WHAT YOU ARE ASKED TO DO:
Leave out the pictures and print precisely the lines from the line with "FIESTAS GUIRCA |" to the final line of the entries, both ends included.
►
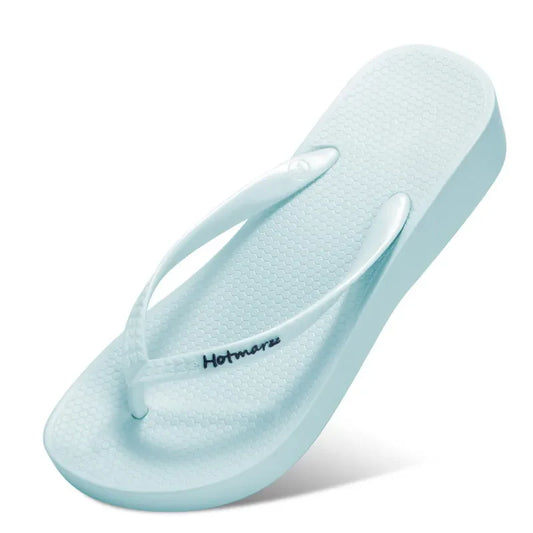 Classic Comfort Wedge Slippers Light Blue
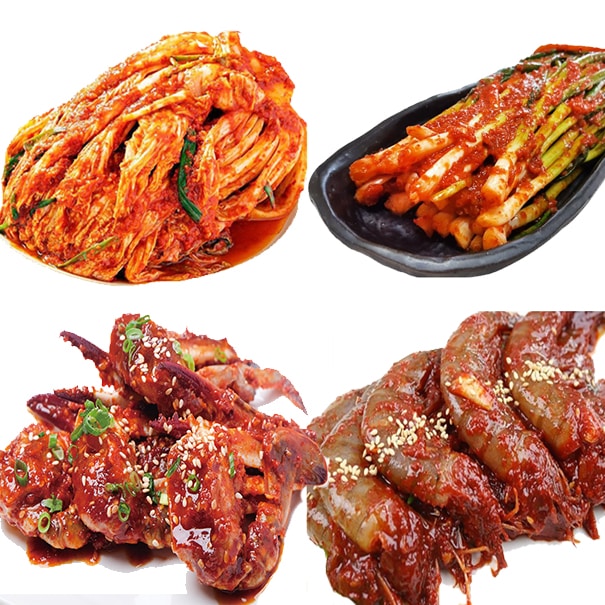 【冷蔵絶品４種セット】ネギキムチ500ｇ +白菜キムチ500ｇ+ ヤンニョムケジャン500ｇ+ ヤンニョムセウ500ｇ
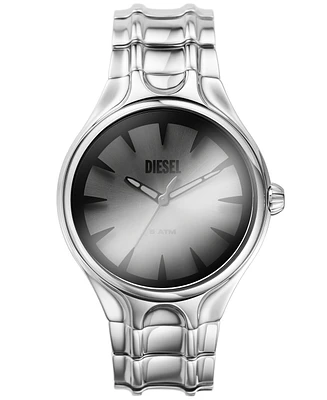 Diesel Men's Streamline Three Hand Silver-Tone Stainless Steel Watch 44mm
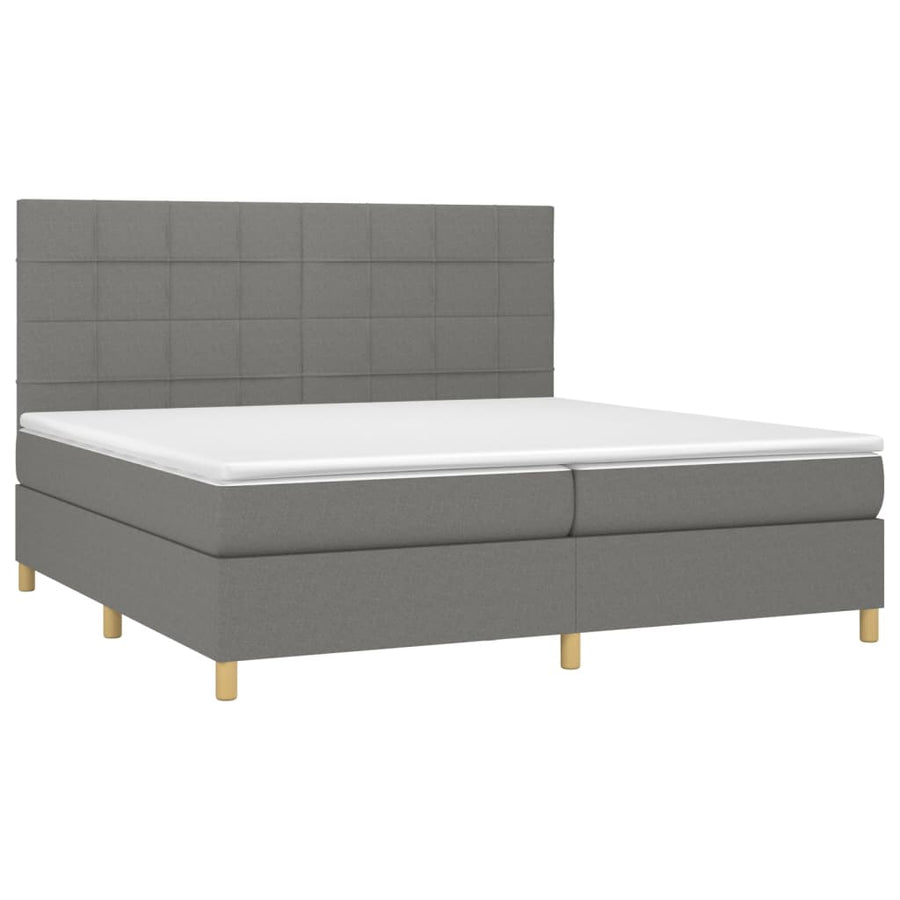Boxspring Met Matras En Led Stof Donkergrijs 200 x 200 cm Blok met vierkanten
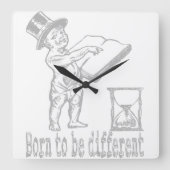 geboren, anders zu sein quadratische wanduhr (Vorderseite)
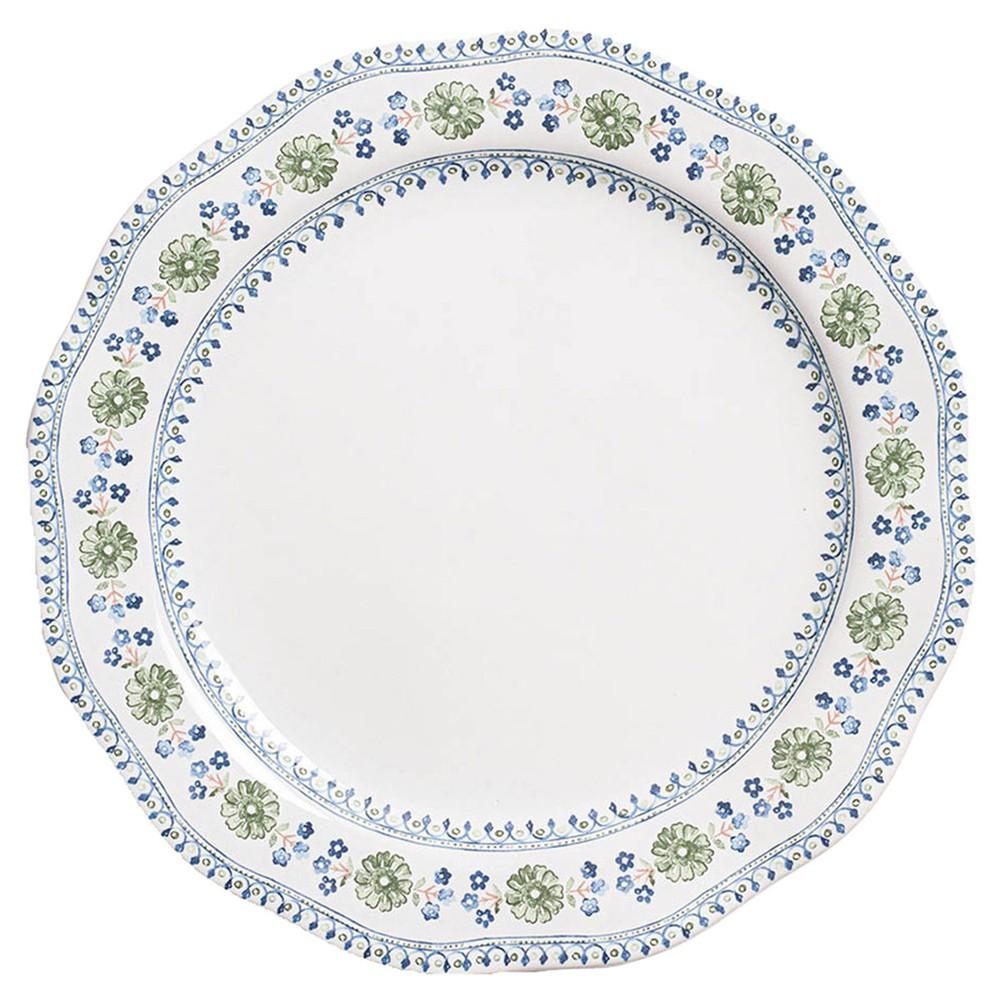 Juliska Villa Seville French Country Chambray Floral Ceramic Dinner Plate | Kathy Kuo Home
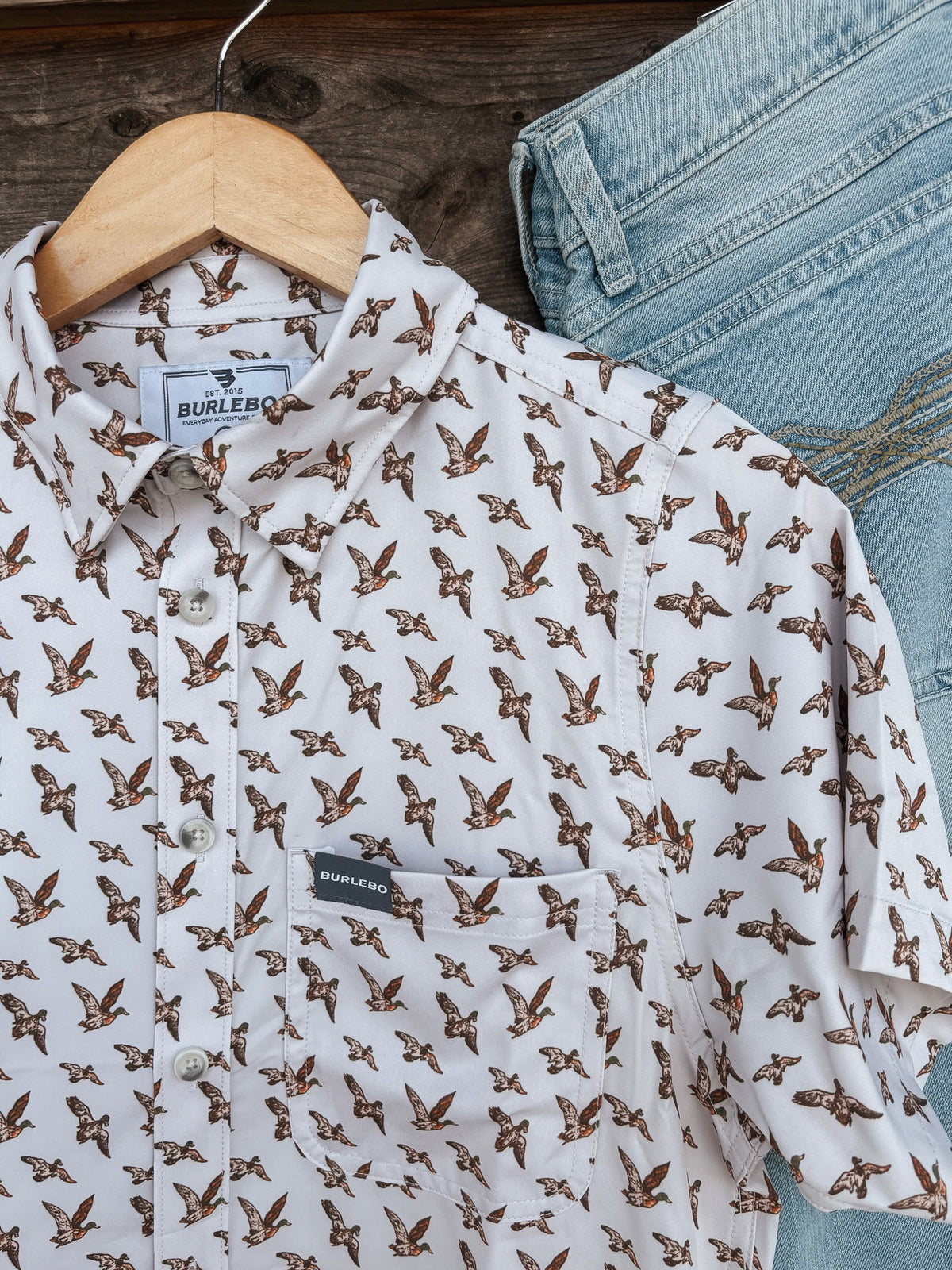 Burlebo | Men's Performance Button Up - Mallards Flying In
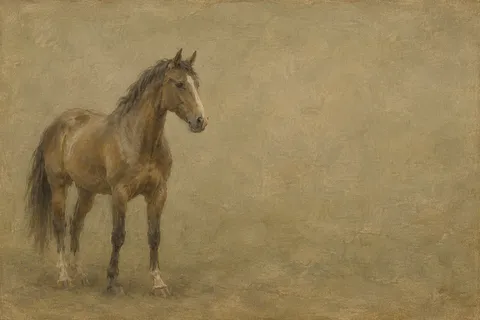 A horse standing three-quarters on in a paddock in sage, taupe, brown; landscape artwork.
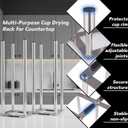 Water Bottle Drying Rack, Cup Drying Rack for Counter, Stainless Steel Tumbler Dryer Stand, Space-Saving Mug & Glass Drying Rack, Heavy-Duty Holder for Cups & Water Bottles (Silver 7 Pegs)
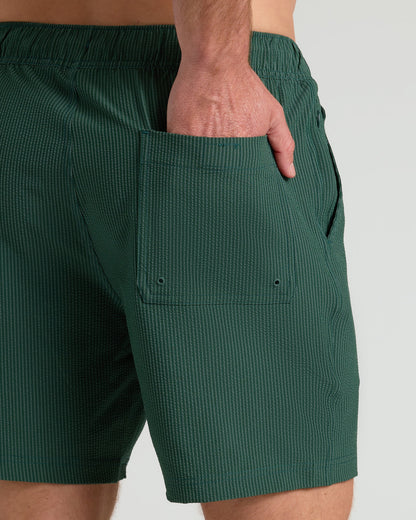 7" Marine Spruce Seersucker Swim Trunks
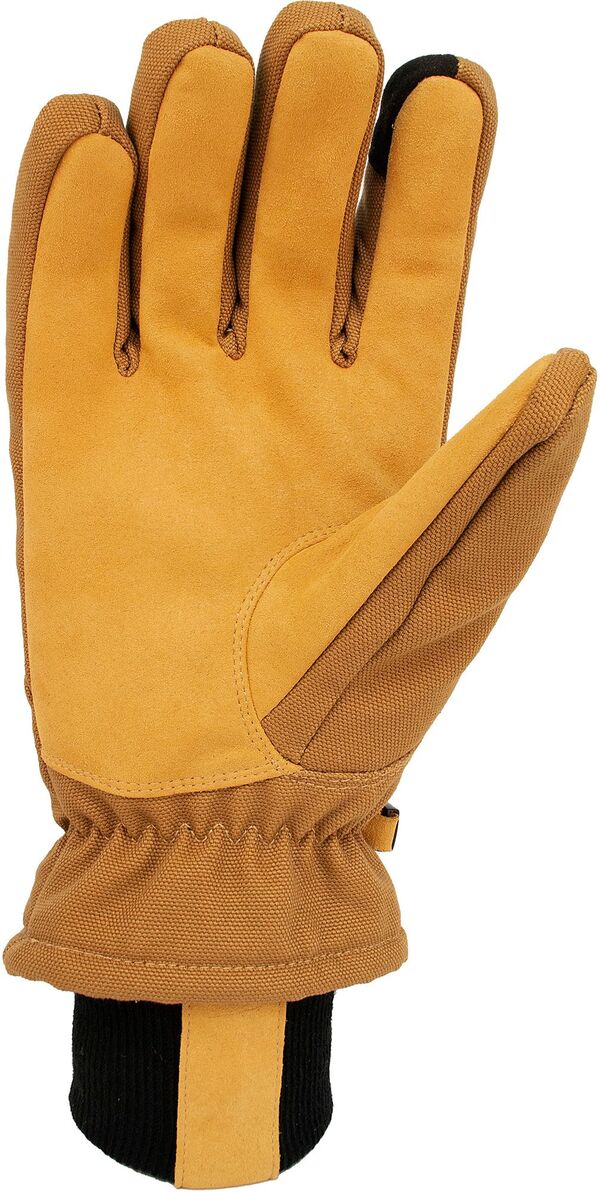 【送料無料】 カーハート メンズ 手袋 アクセサリー Carhartt Men's Insulated Duck Synthetic Leather Knit Cuff Gloves Brown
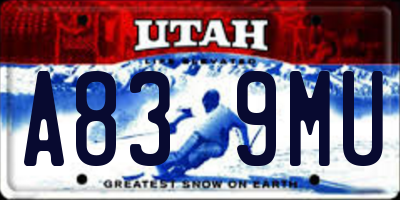 UT license plate A839MU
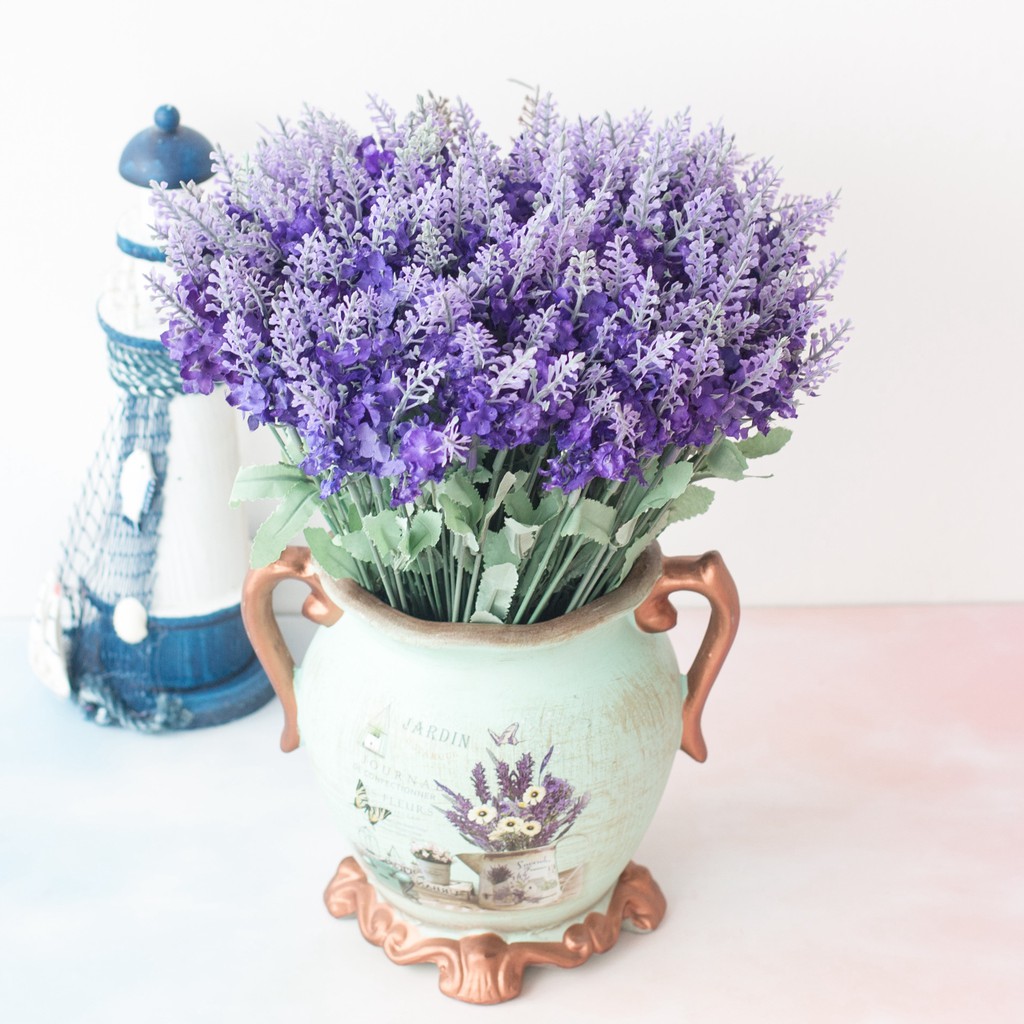 Hoa giả - Chùm hoa oải hương - Lavender siêu dễ thương, trang trí lọ hoa để bàn, hàng rào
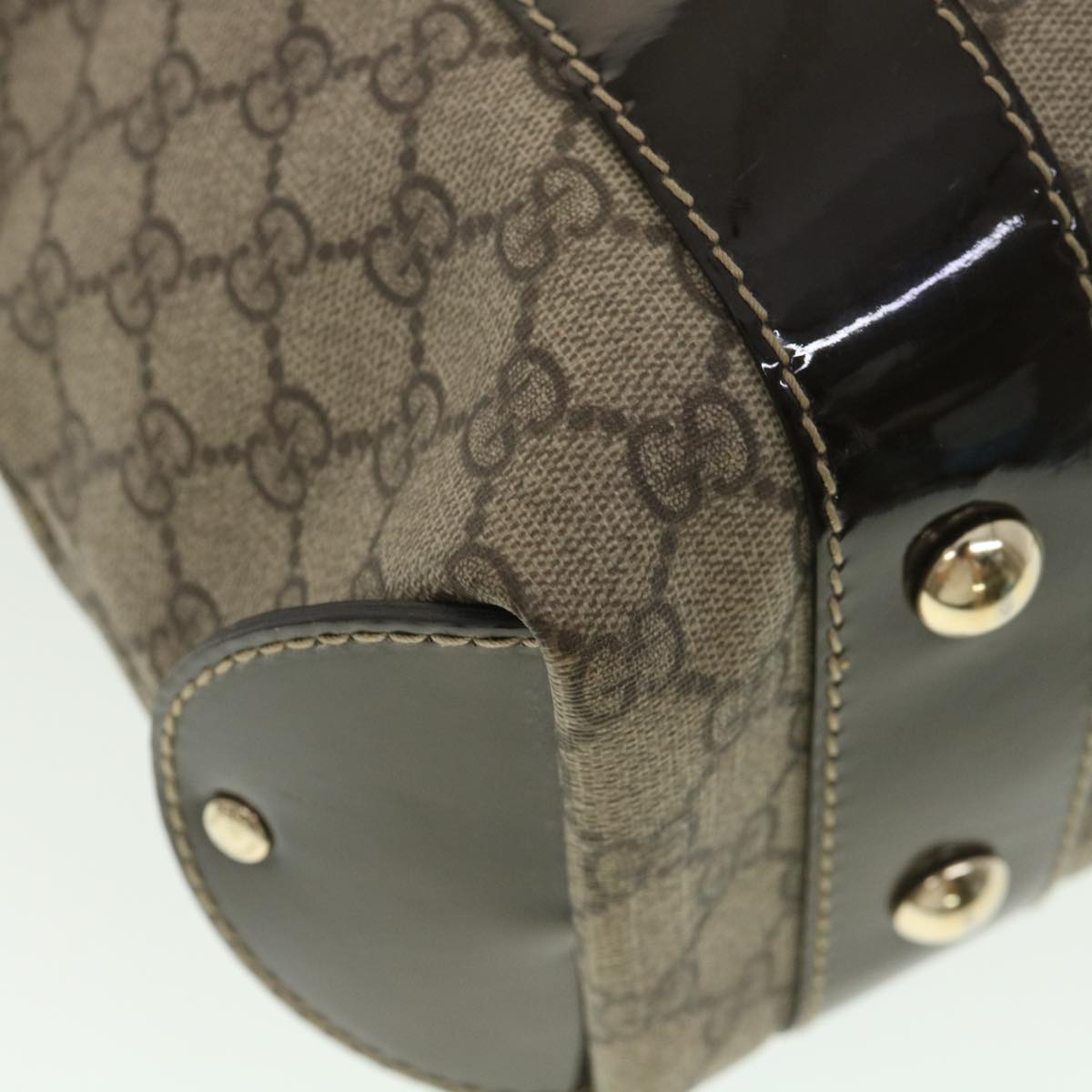 GUCCI GG Canvas Hand Bag PVC Leather Beige 203521 39387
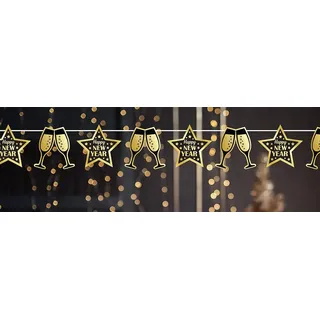 FIESTAS GUIRCA | Happy New Year Girlande Schwarz und Gold (300 cm) - Partydekoration für Neujahr und Feiern - Ideal für Silvesterpartys - Dekorationszubehör - Schwarz Gold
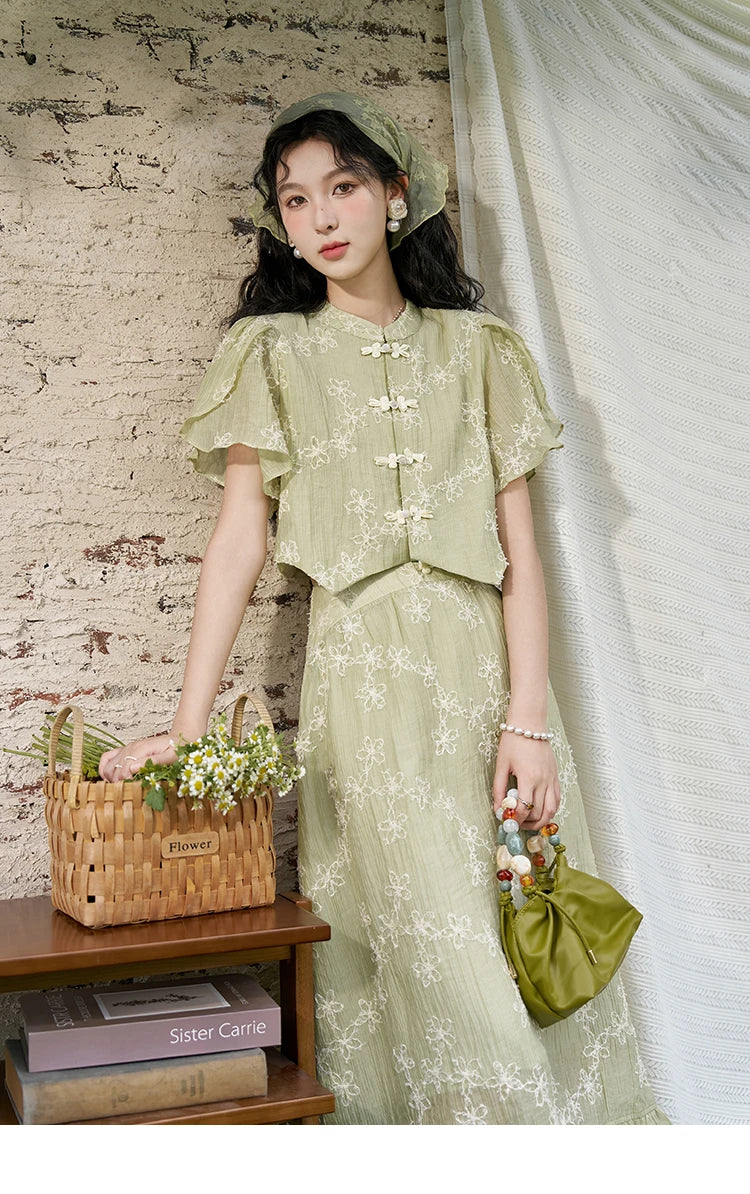 MISHOW Chinese Green Stand Collar Lotus Leaf Overlapping Sleeve Top Hem Stringy Selvedge Skirt Separately 2024 Summer MXD22X1388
◄
TASK OUTPUT:
 FIESTAS GUIRCA | Happy New Year Girlande Schwarz und Gold (300 cm) - Partydekoration für Neujahr und Feiern - Ideal für Silvesterpartys - Dekorationszubehör - Schwarz Gold
 MISHOW Chinese Green Stand Collar Lotus Leaf Overlapping Sleeve Top Hem Stringy Selvedge Skirt Separately 2024 Summer MXD22X1388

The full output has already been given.